# Exercise aim
Output all entries precisely and leave out the pictures.

Brief descriptive captions
+ + + + +

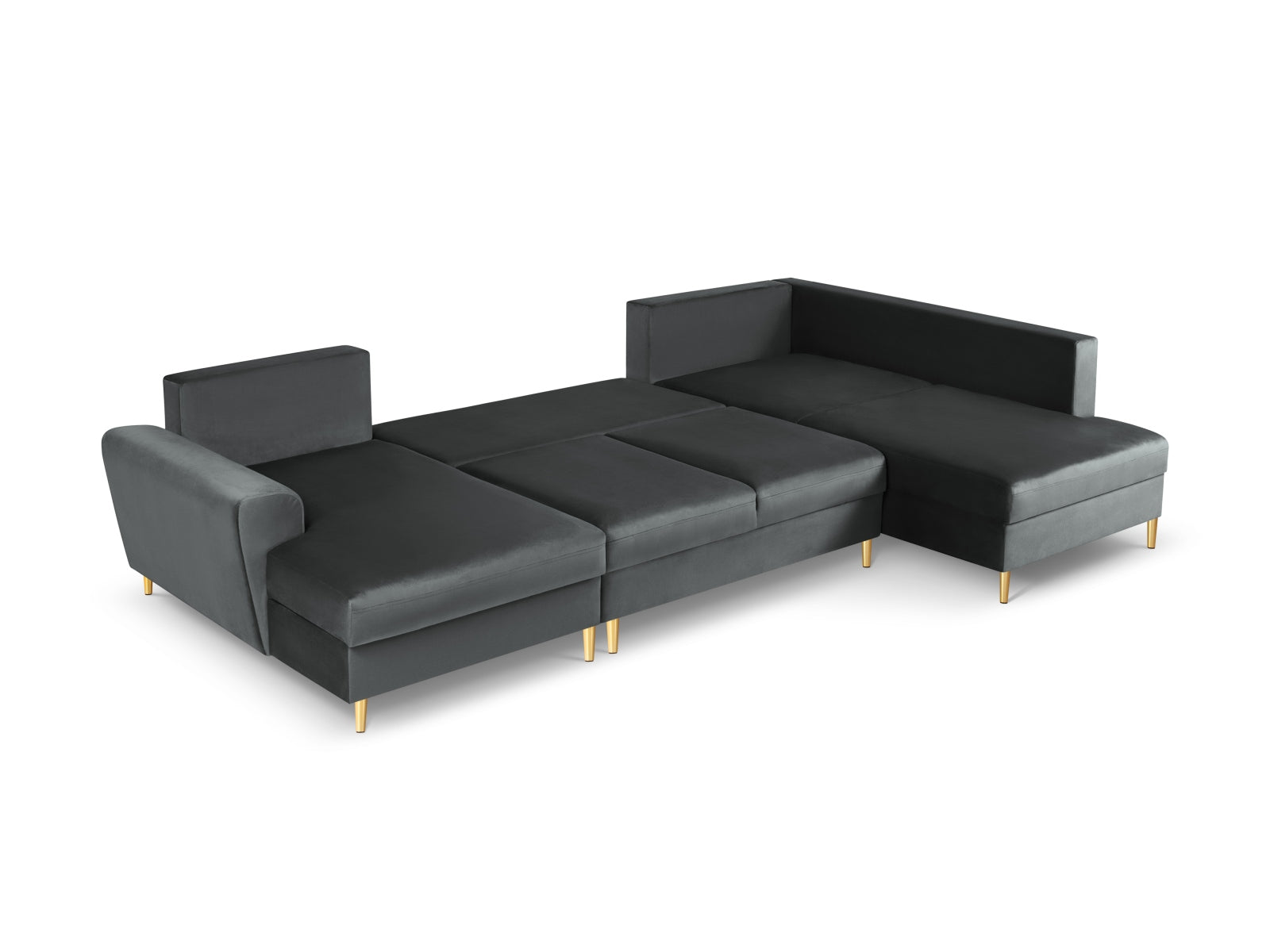 Erleben Sie das Kyoto Velour Panoramic Ecksofa rechts – ein stilvolles 7-Sitzer Sofa mit Schlaffunktion und cleverem Stauraum für Ihr Zuhause.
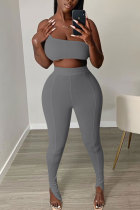 Grey Fashion adult Street Patchwork Solid Two Piece Suits Skinny Sleeveless Two Pieces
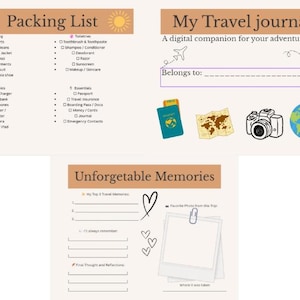 Digital Travel Journal for GoodNotes | Aesthetic Travel Planner | Daily Log, Itinerary, Budget, Packing List | Digital Download PDF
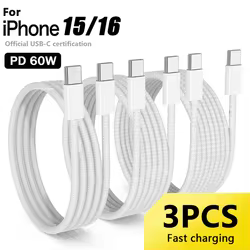 NNBILI 3 uds Cable USB C a tipo C para IPhone 15 16 PD60W Cable de carga rápida para Huawei Xiaomi Samsung Cable de datos línea 1M 1,5 M 2M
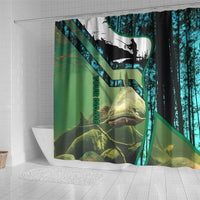 Flathead Catfish Custom Name Shower Curtain Forest Silhouette and Green Blue Love Fishing Design - Wonder Print Shop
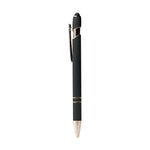Metal Pen With Silver Ring And Stylus Black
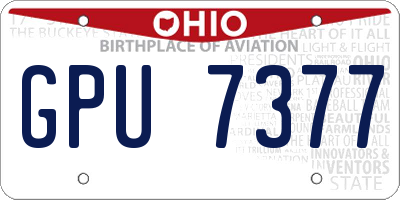 OH license plate GPU7377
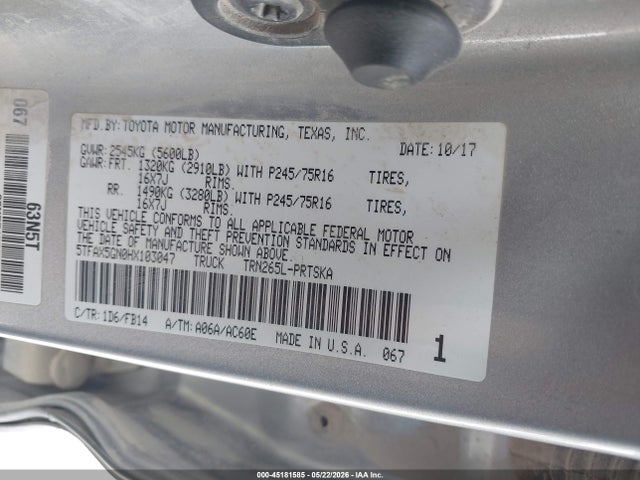 Auction sale of the 2017 Toyota Tacoma Sr, vin: 5TFAX5GN0HX103047, lot number: 45181585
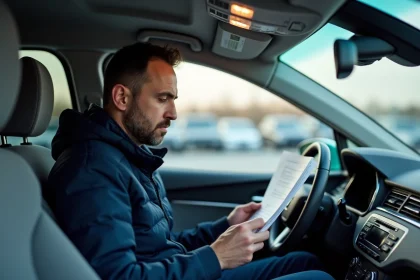 Homme examinant attentivement les documents d'achat d'un Seat Ateca à l'intérieur d'une concession automobile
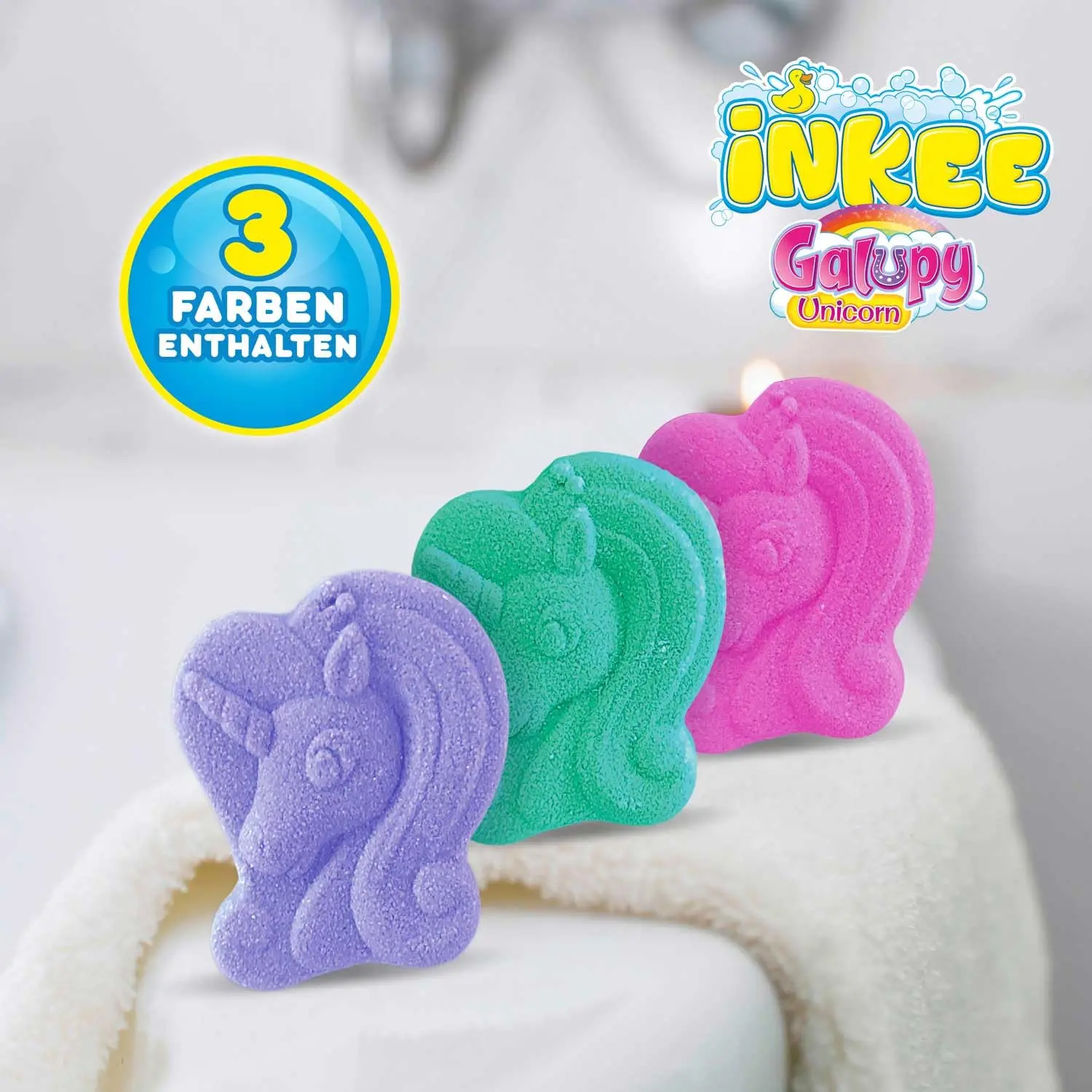 Three colorful Galupy unicorn bath bombs for children in pink, purple, and turquoise with bubblegum scent and jojoba oil, perfect for gentle and fun bathing.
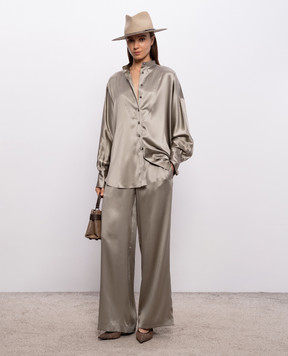 Brunello Cucinelli Блуза кольору хакі із шовку M0C59MY906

+ + + + +

# Task answer
 Erleben Sie das Kyoto Velour Panoramic Ecksofa rechts – ein stilvolles 7-Sitzer Sofa mit Schlaffunktion und cleverem Stauraum für Ihr Zuhause.
 Grey Fashion adult Street Patchwork Solid Two Piece Suits Skinny Sleeveless Two Pieces
 Digital Travel Journal for GoodNotes | Aesthetic Travel Planner | Daily Log, Itinerary, Budget, Packing List | Digital Download PDF
 NNBILI 3 uds Cable USB C a tipo C para IPhone 15 16 PD60W Cable de carga rápida para Huawei Xiaomi Samsung Cable de datos línea 1M 1,5 M 2M
 Flathead Catfish Custom Name Shower Curtain Forest Silhouette and Green Blue Love Fishing Design - Wonder Print Shop
Metal Pen With Silver Ring And Stylus Black
 OH license plate GPU7377
 Auction sale of the 2017 Toyota Tacoma Sr, vin: 5TFAX5GN0HX103047, lot number: 45181585
 Homme examinant attentivement les documents d'achat d'un Seat Ateca à l'intérieur d'une concession automobile
 Three colorful Galupy unicorn bath bombs for children in pink, purple, and turquoise with bubblegum scent and jojoba oil, perfect for gentle and fun bathing.
 Brunello Cucinelli Блуза кольору хакі із шовку M0C59MY906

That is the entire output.